Mayhaps I am a sensitive soul but watching movies is usually a terrifically emotional experience for me. Recently I've twice-sat in on two films which I could say I've experienced more than I really watched. The first would be Fury, a war movie starring Brad Pitt and company as the crewman for an American tank in the twilight months of the Second World War. Fury isn't an especially great movie - the overall message seems... sophomoric when considering the subject matter and it ladles out heavy servings of cheese on several occasions. It isn't as well put together as, say, Saving Private Ryan which does a better job of creating both an experience and conveying a story. 

But boy-howdy is Fury ever one of those see-it-in-theaters type movies. It's hard for me to easily recommend - if you want to feel like you're huddled huddled shoulder-to-shoulder with soggy, exhausted infantrymen whose coats are heavy with damp, reek, and mud while 7.62 rounds bang off the front of the clattering, snarling Sherman tank providing you with a mobile shield as you inch your way across open ground to a hasty German defensive position, then by all means watch it. If you want to feel claustrophobic, deafened, and terrified as four American Shermans dance a slow and high-stakes ballet with a single German Panzer - feel the air suck out of your lungs as 88mm anti-tank rounds howl like banshees overhead and peel paint off the side of your turret while your gunner frantically attempts to traverse and engage and everyone is screaming because people are dying and everyone is going to fucking die if you can't get around it and get ahead of its gun and then be racked with relief and grief when it's over and all that's left is the burning of engine oil and the terrible empty silence that was moments ago filled with chaos - well, this is the movie to see.  

Why you would might want to experience that is a pretty good question, I guess. But I remember watching Lone Survivor and listening to the squeal and thunder of Chinook rotors and feel the machine heartbeat in my chest and boots as a four-man team stepped panting into the mountains under the burden of heavy rucksacks. I watch Fury and I remember laughing nervously through a screen of cigarette smoke in the back of a LAV-3 while dust tumbled down in screens from the air-sentry hatch, ears humming with the monotony of radio chatter. I remember banging my fingers off the C-SAM and hearing the muffled thump-thump-thump clang-clang-clang of our gunner laying down a Z-pattern burst and watching the kinetic backlash kick dirt up on the screen and howling with the frenzy of it. It's cathartic. 
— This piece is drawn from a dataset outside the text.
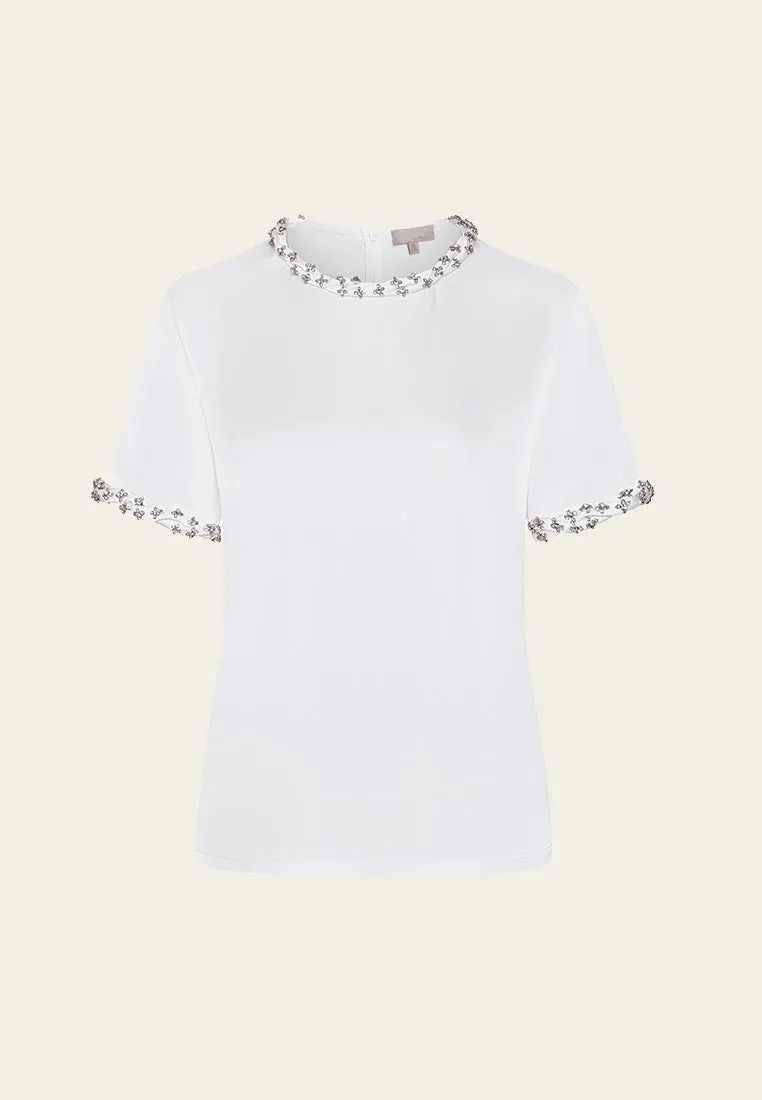 Crystal-embellished Round Neck Top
The second movie is Christopher Nolan's Interstellar. I've seen it twice and both times I've had the wind knocked out of me. Both times I've walked out of the theater with friends or my brothers and said it's the best movie I've ever seen - subjective, biased, a heat-of-the-moment sort of thing, maybe, but I can't help but feel disconnected from the cynical critical observations I've perused through online. I guess in the end, it's an emotional issue that can't readily be rationalized - I guess I'm a very empathetic being. 

Spoilers ahead, folks.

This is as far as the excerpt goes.